この言葉が突き刺さった。かつて単行本で『空海の風景』を持っていた。だが中途でギブアップしたのは、あまりに小説としては面白くなかったからだ。再度、文庫本版で買い直した。

この宇宙的天才の空海は当時の唐の都長安に着いて半年ぐらいで中国語をマスターし、宮廷において詩人や書家としても名を馳せ、サンスクリット(古代インド語)の学習に入り、それが運命であるかのように青龍寺真言密教七祖の恵果阿闍梨(けいかあじゃり)に会っている。
「お前がくるのをずっと待っていた」
と恵果は言ったという。
恵果は自分が持っているものをそれこそ棚卸しするがごとくにすべて空海へ伝授している。
ついにはその七祖から正式の跡目に指名され八祖になった。つまり唐・天竺(当時の世界)の密教の総帥になったわけだ。

十年の平安朝政府との契約で渡った唐の都長安をたった二年間に圧縮して日本に帰国する。この間に彼が会得したものに目がくらむ。とにかくすべてが凄まじく、本当に彼は人間なのか?(彼を人間とすると自分の存在の儚さ・か細さに涙する)と何度も思った。
いずれにしても、日本歴史が生んだ最高の知性・天才・叡智が空海だと思う。(同時に日本で最初で最高のグローバル人材でもあった。)

密教での最高神は「大日如来」(太陽もしくは宇宙……)なのだが、空海自身がこの「大日如来」と血縁したというからただごとではない。
(まあ、ヒンドゥー教では「アートマン<純粋自我>」を「ブラフマン<宇宙を支配する原理=大日如来>」に合一させることがゴールとされているので、その合一を成し遂げてしまったのだろう。
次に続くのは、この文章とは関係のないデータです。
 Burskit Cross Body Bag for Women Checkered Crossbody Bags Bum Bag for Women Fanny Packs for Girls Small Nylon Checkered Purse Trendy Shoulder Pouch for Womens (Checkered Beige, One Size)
)

密教そのものの解説は凡夫の私には遥かに手があまる。簡単な理解だけで言えばヒンドゥー教をインド仏教に入れ込んで体系づけたものかなって思うけど(もしくは仏教もヒンドゥー教という大海に浮かぶ小島なのかもしれない……)、ヒンドゥー教が当然のように持っていたアミニズムとかシャーマニズムもたっぷりと包含している。つまり呪法、まじない、幻術のようなものも当たり前のように含まれていて、それらも丸ごと空海は恵果から受け継いだ。(専門用語では「神秘主義」と包括されるもの。)
弘法大師として諸国を巡回し民衆教化を行った際に各地に残る彼の奇跡はこの事にもよると思う。
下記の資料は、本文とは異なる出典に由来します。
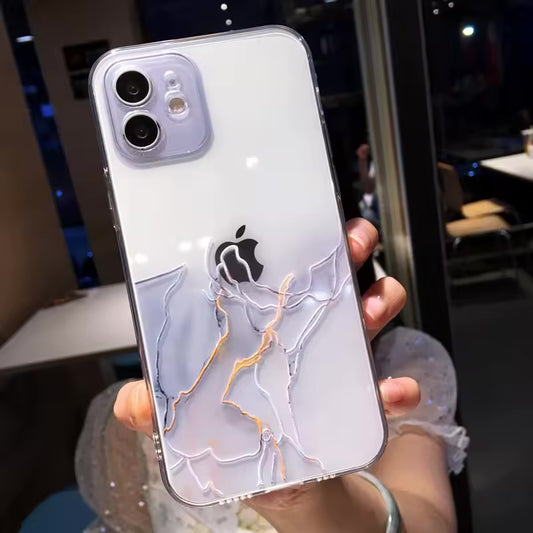 The Smitch Case™| Transparent phone case in colored marble, soft shockproof case, interconnect paint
ただ残念ながら、彼ほどの宇宙的な天才はやすやすと現れるわけではなく、彼が高野山ではじめた「真言密教」の後継者はいまだに見つかってないのだと思う。「即身成仏」した空海はいまだに9代目になる宇宙的天才を待っている。


誤解を恐れずに言えば、この『空海の風景』は小説としては面白くない。それも無理からぬものがある。書く対象が「宇宙」とか「大日如来」だ。いかな司馬遼太郎さんといえども、難事業だったのだと思う。だが、司馬さんじゃないと空海は書けなかったとも言える。

それにしても、どれほどの碩学といわれる学者先生にも臆することなく普段通りの姿勢を崩さない司馬さんが、彼の著作の『九つの問答』や『十六の話』での井筒俊彦言語学者イスラーム学者、東洋思想研究者、神秘主義哲学者)さんには、ほとんど平伏して子犬が尻尾を振っているが如きの有様に微苦笑を禁じ得ない。司馬さんは井筒さんを評して、
「人間とは何かということを、言語以前の深層で把握されて体系づけている方はこのような透きとおり方になるのか」
とどこかで書いている。
空海に関してはこの幾層倍もの平伏の仕方なのである。
なんといっても“宇宙そのもの”なのだから……。